> [Brief]
Reproduce exactly the span of lines beginning at the one with "EM72502 [1/72 マーク4 雌 菱形戦車]" and ending at the last line of the data below, omitting pictures.

> [Provided material]
= = = = =

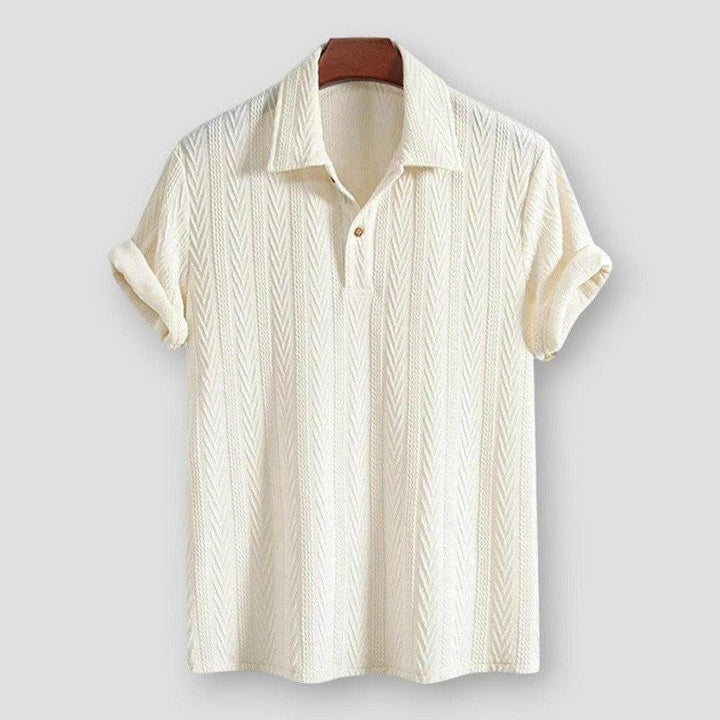 Saint Martin Cadillac Textured Polo Shirt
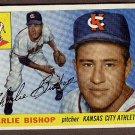 1955 Topps baseball card #96 (B) Charlie Bishop EX Kansas City A's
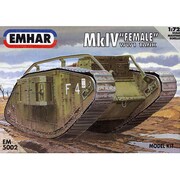 EM72502 [1/72 マーク4 雌 菱形戦車]
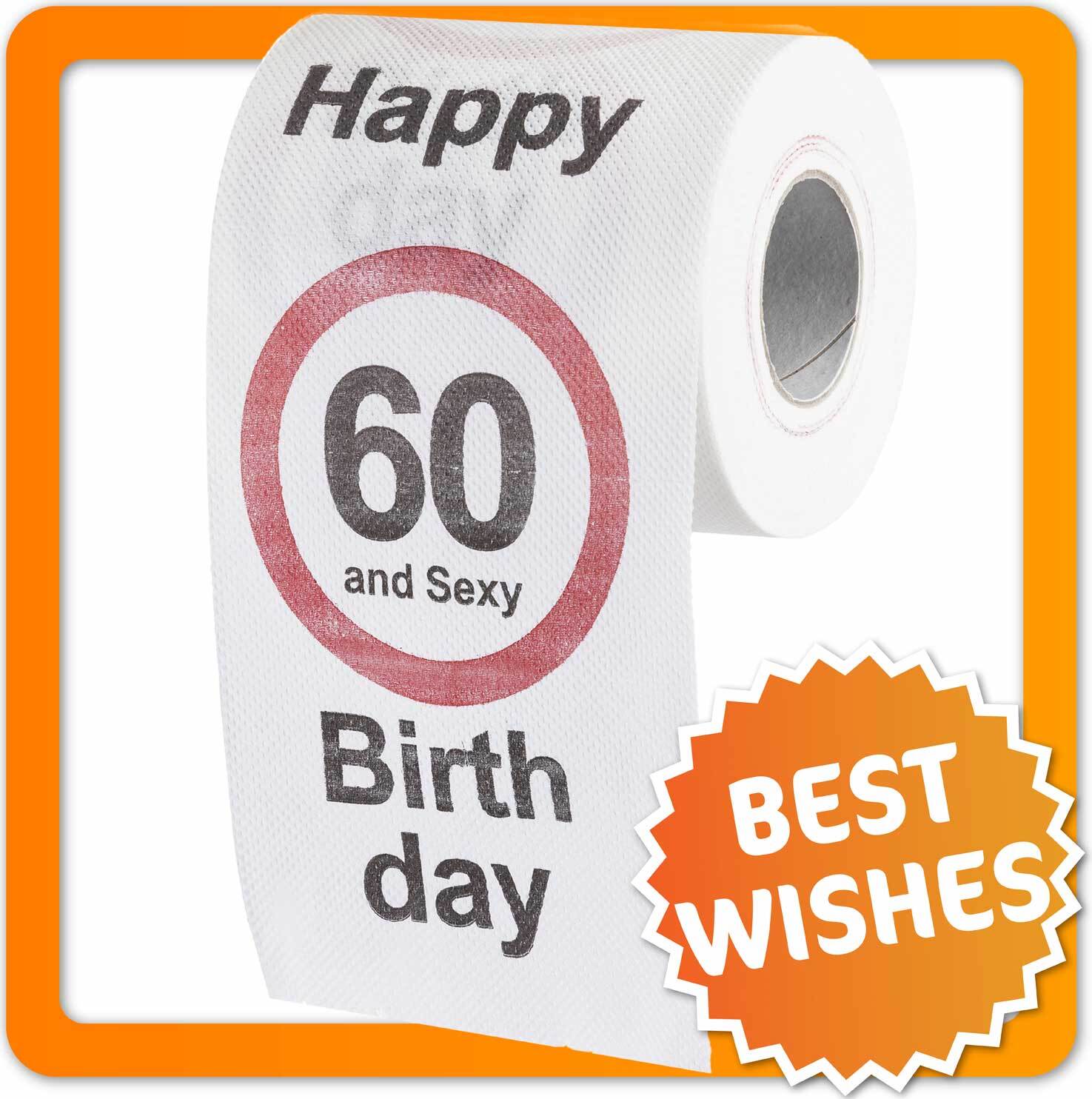 Zábavný toaletný papier 60. narodeniny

= = = = =

> [Answer section]
 EM72502 [1/72 マーク4 雌 菱形戦車]
 Zábavný toaletný papier 60. narodeniny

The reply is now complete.